Дома мы мало видели отца, впрочем, так же, как и мать. Мы жили совсем обособленно в своей детской наверху, как я уже говорила. Только после того, как нам исполнилось восемь лет, мы спускались вниз, в столовую, к завтраку в двенадцать часов и к обеду в пять. Мы, трое младших со своей гувернанткой, садились на конце длинного стола. Во главе его на маленьком диване помещались отец и мать, по бокам от них старшие сестры — Саша и Маргарита. За ними Таня, Анета, Маша с их гувернанткой, затем старший брат Вася, студент, и гимназист Сережа и еще кто-нибудь из их учителей, оставшийся после урока, которого мать всегда очень любезно приглашала «откушать с нами». Человек восемнадцать сидели за столом. Подавал блюда лакей во фраке, в белых перчатках, за ним следовала горничная в коричневом шерстяном платье, в белом фартуке, очень нарядном, с оборками и прошивками, она обносила соусами и подливками. За завтраком полагалось два блюда — первое: мясное (ростбиф, бифштекс, мясные котлеты с соответствующим гарниром) или рыба (белуга, осетрина, навага); на второе что-нибудь мучное: творожники, блинчики. За обедом три блюда: на первое — суп с пирожками; на второе — жареный гусь, утка, кура (по воскресеньям рябчики или индейка); на третье — гурьева каша, воздушный пирог, пломбир, мороженое. На столе стояли три бутылки с вином — портвейн, мадера и красное — бордо. Детям, даже большим, вина не давали. Белая скатерть, серебро, хрусталь, тарелки — все было простое английское — солидное и красивое. Когда бывали гости — отец часто приводил из магазина иностранцев, бывших у него по делу, — тогда на отдельном столике ставились закуски и много бутылок с водкой: английская горькая в темно-зеленых бутылках с красной печатью, рябиновка в высоких белых бутылках с длинным горлышком, ликеры в глиняных пузатых и в других причудливых бутылках и крошечные рюмочки на серебряном подносе.
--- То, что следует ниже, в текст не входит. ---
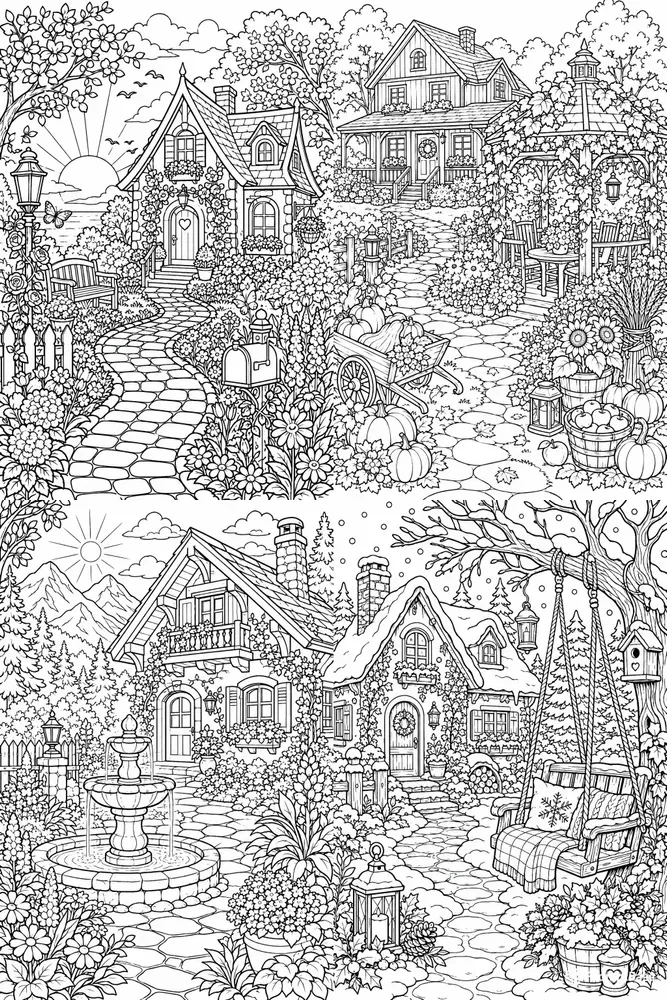 Cozy Home Garden Coloring Book Pages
Без гостей за столом нам, детям, было гораздо веселее. Но при них и без них мы одинаково должны были сидеть прямо, не класть локти на стол, не смотреть по сторонам и, конечно, не разговаривать. Но отец часто нарушал эти строгие правила. Без него мы не садились за стол, ждали его, стоя каждый у своего прибора. Он обыкновенно опаздывал, влетал в столовую, перепрыгивая через ступеньки лестницы. Всегда был весел, всегда шутил с нами. Он представлялся, что боится матери. У отца был катар кишок, он был на строжайшей диете. Перед едой он выпивал крошечную рюмочку водки, но когда мать смотрела в другую сторону, он, подмигивая нам, наливал себе вторую и торопливо опрокидывал ее себе в рот. И, довольный, смеялся, когда мать не видала этого. А когда, увидев, укоризненно качала головой и говорила «тебе же нельзя», он поднимал свою длинную пушистую бороду, закрывая ею лицо, и говорил якобы смиренно: «Прости, пожалуйста, никогда больше не буду, мамочка». Или он брал с тарелки сестры, сидящей рядом с ним, жирный кусочек чего-нибудь запрещенного ему и, прикрывши рот салфеткой, жевал якобы потихоньку от матери. Мы, маленькие, не понимали шутки, воображали, что он действительно делает это потихоньку, с трепетом следили за ним. Я обыкновенно не спускала с него глаз. Так отец постоянно нарушал дисциплину, введенную матерью. И нас поражало, что это сходило ему с рук. В душе я все же была уверена, что он боится матери, как боялись ее мы и все в нашем доме.
Нам всем отец дал прозвища: сестру с длинными косами он называл «Косанчик», меня за толстые губы — «Губанчик». Когда гувернантка шипела на меня: «taisez vous» [9], он, случалось, через весь стол спрашивал: «Что ты сказала, Губанчик, ну-ка повтори». Я очень была счастлива, когда он обращался ко мне.